1st Provincial Leader of the Democratic Alliance in the Eastern Cape
- In office 2000–2002
- Preceded by: Position established
- Succeeded by: Athol Trollip

Member of the National Assembly of South Africa
- In office 2004–2009

Member of the Eastern Cape Provincial Legislature
- In office 1994–2004

Member of the House of Assembly for Port Elizabeth Central
- In office 1989–1994
- Preceded by: John Malcomess
- Succeeded by: Assembly abolished

Personal details
- Born: 1940
- Died: 31 December 2020 (aged 80) Port Elizabeth, Eastern Cape, South Africa
- Party: Democratic Alliance (2000–2020)
- Other political affiliations: Democratic Party (1989–2003) Progressive Federal Party (Until 1989)
- Spouse: Elizabeth ​ ​(m. 1965; died 2019)​
- Children: 3
- Profession: Politician

= Eddie Trent =

South African politician (1940–2020)

Edward William Trent (1940 – 31 December 2020) was a South African politician. A member of the Progressive Federal Party, he served in the Cape Provincial Council until 1989 when he was elected to the House of Assembly as a member of the Democratic Party. From 1994 to 2004, Trent served in the Eastern Cape Provincial Legislature. He was the first provincial leader of the Democratic Alliance between 2000 and 2002. Trent served in the National Assembly from 2004 until his retirement in 2009.
==Political career==
A member of the Progressive Federal Party, Trent represented the Port Elizabeth Central Constituency in the previous Cape Provincial Council alongside Molly Blackburn. Trent later joined the Democratic Party and was elected as Member of Parliament for Port Elizabeth Central in 1989, succeeding retiring party chief whip John Malcomess.

After serving one term in Parliament, Trent was elected as the sole DP representative in the newly established Eastern Cape Provincial Legislature in 1994. He was re-elected to a second term in the provincial legislature in 1999. When the Democratic Alliance was formed in 2000, Trent was elected as the party's first provincial leader in the Eastern Cape. After serving one term as provincial leader, Athol Trollip succeeded him.

Trent was elected to the National Assembly in the 2004 general election. He represented the DA on the Standing Committee on Public Accounts.

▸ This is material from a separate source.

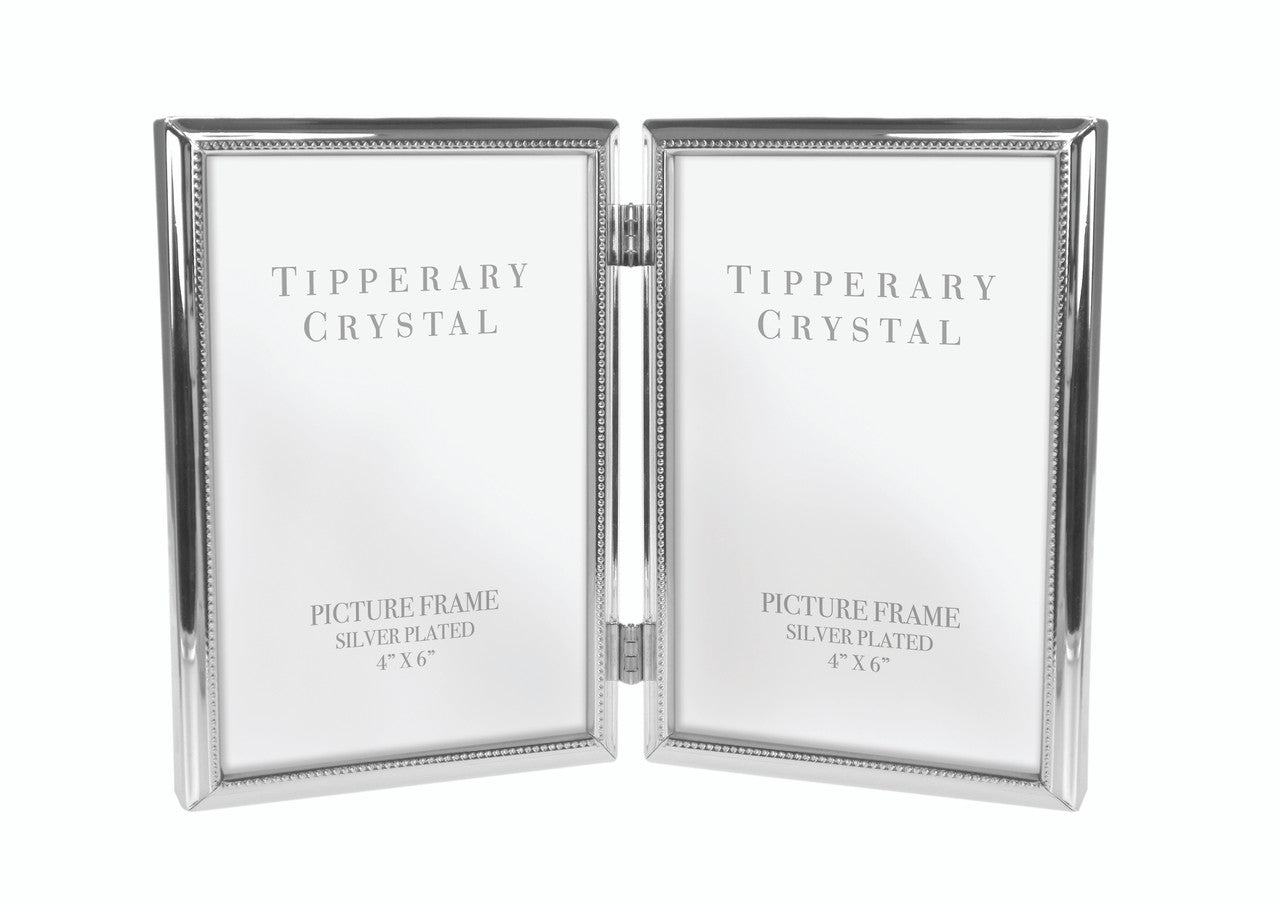 Tipperary Crystal | Beaded Edge Double Frame 4x6" by Weirs of Baggot Street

Trent wrote to National Assembly Speaker Baleka Mbete in 2005 requesting that Auditor General Shauket Fakie appear before the parliamentary committee on the auditor-general over new revelations on his arms deal report. In March 2008, Trent submitted questions to South African President Thabo Mbeki on his alleged involvement in the arms deal. He alleged in August 2008 that the government had something to hide on the arms deal after Justice Director-General, Adv. Menzi Simelane refused to give the DA access to the German and British Mutual Legal Assistance (MLA) agreements with South Africa.

Trent did not seek re-election to the National Assembly in 2009 and retired from politics. In 2018, he was presented with the Congress award for recognition of lifetime achievement in politics.
==Personal life and death==
Trent was married to Elizabeth and they had three children together. Elizabeth served as a city councillor of Port Elizabeth (later Nelson Mandela Bay) from 1995 to 2011. She died from cancer in January 2019. They would have celebrated their 54th wedding anniversary in April 2019.

Trent died from natural causes at his home in Port Elizabeth on 31 December 2020. He was 80 years old.